1. The Year Without Pants; Scott Berkun. Another memoir slightly outside my usual–the tech world, though it’s about WordPress, so it is writing related, too. Still an interesting behind-the-scenes peek.
2. The Whites; Harry Brandt. This was an audio-book, which I rarely listen to–they’re useful for long car rides, etc., but so slow. This one made me sad to turn the car off in a few high-tension spots!
3. You’re Never Weird on the Internet (Almost); Felicia Day. I do read memoirs, but not generally about internet celebrities who I’m only tangentially aware of. Go Dr. Horrible!
4. The Only Child; Guojing. Generally I only go as low as YA, because the younger the audience, the quicker I burn through a book. But I make exception for the truly interesting looking ones.
5. What If?; Randall Munroe. A bunch of really random scenarios, questions asked by various people. A lot more scientific than I generally read, but the effort put into the math is admirably.
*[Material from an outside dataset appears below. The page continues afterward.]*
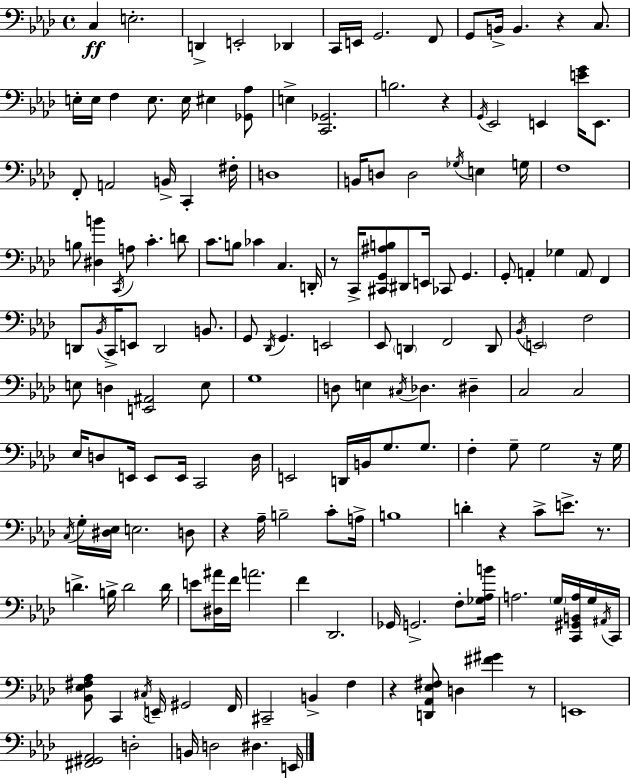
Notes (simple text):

C3/q E3/h. D2/q E2/h Db2/q C2/s E2/s G2/h. F2/e G2/e B2/s B2/q. R/q C3/e. E3/s E3/s F3/q E3/e. E3/s EIS3/q [Gb2,Ab3]/e E3/q [C2,Gb2]/h. B3/h. R/q G2/s Eb2/h E2/q [E4,G4]/s E2/e. F2/e A2/h B2/s C2/q F#3/s D3/w B2/s D3/e D3/h Gb3/s E3/q G3/s F3/w B3/e [D#3,B4]/q C2/s A3/e C4/q. D4/e C4/e. B3/e CES4/q C3/q. D2/s R/e C2/s [C#2,G2,A#3,B3]/e D#2/e E2/s CES2/e G2/q. G2/e A2/q Gb3/q A2/e F2/q D2/e Bb2/s C2/s E2/e D2/h B2/e. G2/e Db2/s G2/q. E2/h Eb2/e D2/q F2/h D2/e Bb2/s E2/h F3/h E3/e D3/q [E2,A#2]/h E3/e G3/w D3/e E3/q C#3/s Db3/q. D#3/q C3/h C3/h Eb3/s D3/e E2/s E2/e E2/s C2/h D3/s E2/h D2/s B2/s G3/e. G3/e. F3/q G3/e G3/h R/s G3/s C3/s G3/s [D#3,Eb3]/s E3/h. D3/e R/q Ab3/s B3/h C4/e A3/s B3/w D4/q R/q C4/e E4/e. R/e. D4/q. B3/s D4/h D4/s E4/e [D#3,A#4]/s F4/s A4/h. F4/q Db2/h. Gb2/s G2/h. F3/e [Gb3,Ab3,B4]/s A3/h. G3/s [C2,G#2,B2,A3]/s G3/s A#2/s C2/s [Bb2,Eb3,F#3,Ab3]/e C2/q C#3/s E2/s G#2/h F2/s C#2/h B2/q F3/q R/q [D2,Ab2,Eb3,F#3]/e D3/q [F#4,G#4]/q R/e E2/w [F#2,G#2,Ab2]/h D3/h B2/s D3/h D#3/q. E2/s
6. Baking Cakes in Kigali; Gail Parkin. Generally speaking, when I read a book that addresses serious subjects, I want one that doesn’t gloss over them as this book does. It did capture a place pretty well, though.
7. Humans of New York; Brandon Stanton. I like following the site, but reading a random collection of strangers stories isn’t my usual thing. Like the site, there are some fascinating stories–tragedies and triumphs, though it works better is small pieces.
8. Brave Enough; Cheryl Strayed. A collection of quotes (which aren’t my usual fare) by the author of Wild, which I read and enjoyed. Just like in her longer work, there are some thoughts that stay with you.
9. Smarter Than You Think; Clive Thompson. A discussion about how technology has affected our brains isn’t the kind of book I’d usually pick up. But they way the brain works is always fasciantingly complex, if a little murky.
10. The Finest Hours; Michael Tougias & Casey Sherman. Though I do read books because they’re about to be a movie, I wouldn’t usually bother with a true account of a sea rescue, being less fond of the many ways nature can try to kill us. It was an impressive undertaking, though.